In an economy dedicated to the pursuit of more, bigger, faster, cheaper, nastier, the greatest hidden cost and unintended consequence is that something vital, enduring, resonant, and animating has gone missing from our lives — and it might just be the biggest thing: meaning in what we do, and why we're here.
More, bigger, faster, cheaper, nastier has built an economy that might just be in furious pursuit of mediocrity. Five hundred channels and nothing on, corporations whose behavior plunges past merely unethical, or criminal, to sociopathic, big box stores larger than an airplane hangars, billions of dreary, me-too, not-so-great "goods" that fail to inspire, not enough McJobs to go around, financial markets that are more deft at blowing up scarce resources than at allocating them.
So what went wrong with our path to prosperity?
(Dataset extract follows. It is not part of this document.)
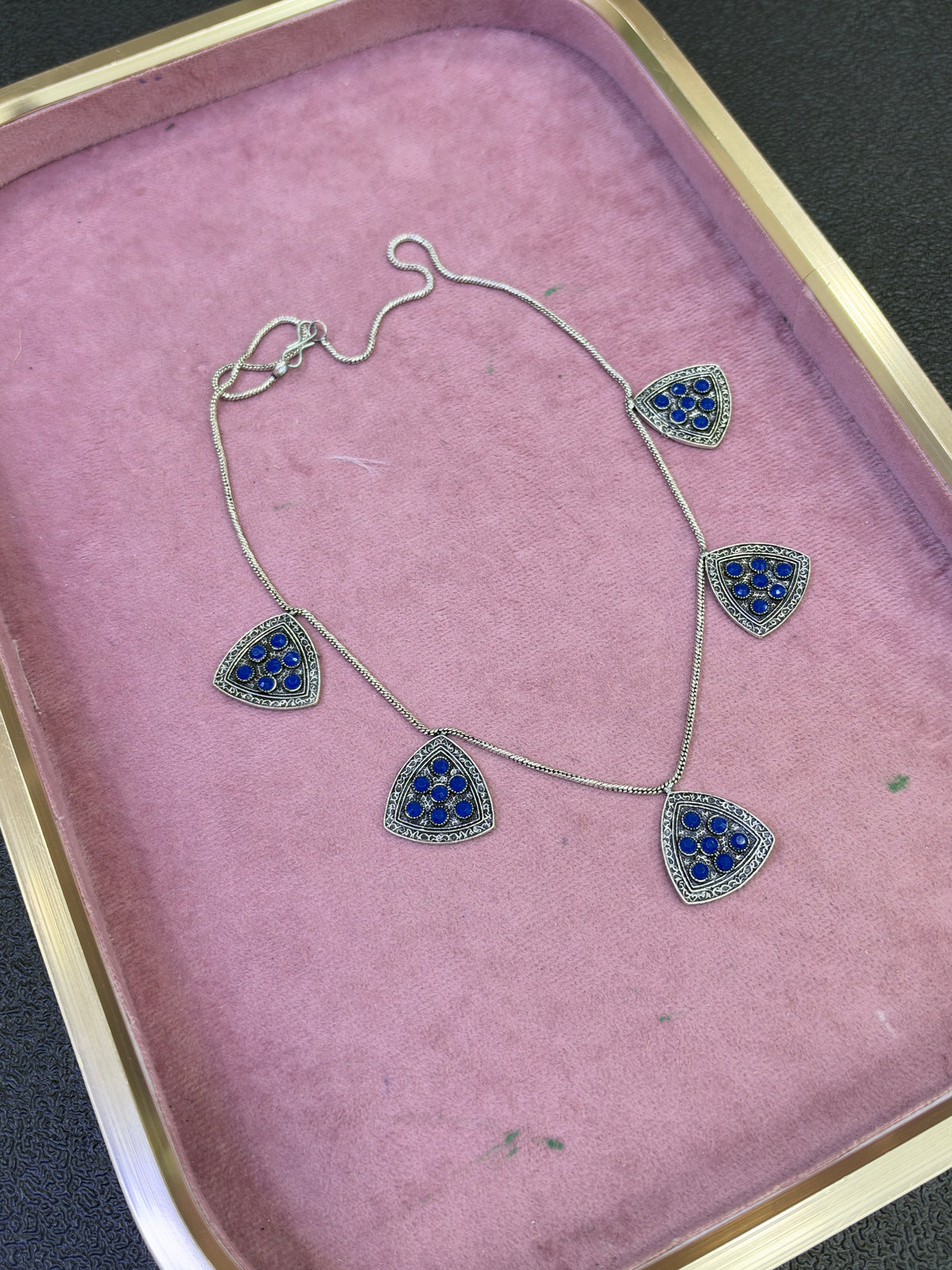 Ox107 oxidised blue pendants simple Neckset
I'd suggest: our economy might be in pursuit of mediocrity because too many of us put what, why, and who makes us want to go into a fetal crouch, plug our ears, and bang our foreheads against our knees above, beyond, and before what, why, and who we love.
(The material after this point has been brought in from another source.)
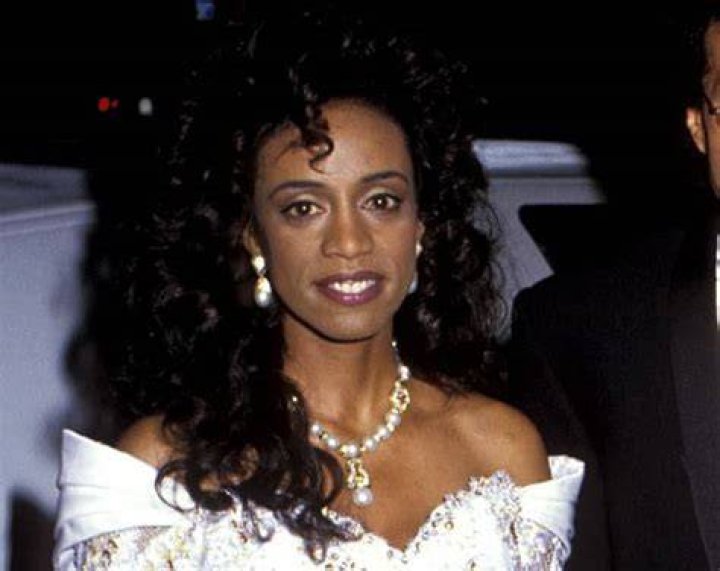 Brenda HarveyRichie Wiki Bio. Who is Lionel Richie's exwife? CitiGist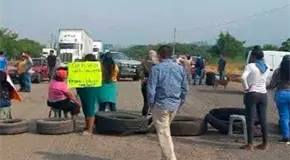 Bloquean Carr. 70 por falta de profes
There's no magic formula for a life well lived, but my humble suggestion is that the above is probably the polar opposite: a surefire recipe for a life poorly lived, for intellectual, relational, social, ethical, and creative stagnation. Hence, what's stagnating not just our economy — but our human potential. Too many of us (and some have argued, the best and brightest among us) are trained from birth to be — and rewarded with each bonus to remain — what economists call "rent-seekers," experts at squabbling over (and winning) the last stale morsels of yesterday's fading industrial age harvests, the mere mechanics and advocates of wealth extraction, instead of value creators, the architects and master builders, dreamers and doers, theorists and practitioners of the art of great human accomplishment.
Hence, I'd suggest: my tiny principle might not just a disposable epigram, but a diagnosis for dysfunction — and a challenge to all of you. The pursuit of more, bigger, faster, cheaper, nastier too often seems to demand putting what, why, and who we love at the end of the list, the underworld of the inbox, the bottom of the heap. That's a recipe for stagnation, whether for people, communities, cities, countries, or the globe. But the converse might just hold, too: if nations and corporations want to punch past the glass ceiling of mere opulence, to what I call eudaimonic prosperity — lives that are meaningfully well lived — well, then people might just have to begin by making if not radically, then at least marginally more meaningful choices themselves.
Here's what my little principle doesn't mean: immediate, lowest-common-denominator self-gratification. That, for example, since you "love" Jersey Shore, you should spend all day, every day GTLing harder than the last. Sorry, lotus eaters. Instead, what it suggests is that if you "love" GTL that much, then, well, your roadmap might be clear. Whatever the method to your madness, whether inventing a better tanning bed, perfecting a better workout, or devising less water-intensive laundry, the authenticity principle says: don't just mutely "consume" it — live it. Better it, reimagine it, blow the doors off it, and don't stop until you're within shouting distance of the point that it matters to the future of humanity.
The roadmap you need to follow is deeply, resonantly, profoundly, and irrevocably your own — the one that calls to you in every dreary meeting, every missed birthday, and every misplaced-but-not-quite-forgotten dream. It's the one that leads you to your better self. It says: "Follow my lead. Let's go somewhere that matters — not just somewhere that glitters."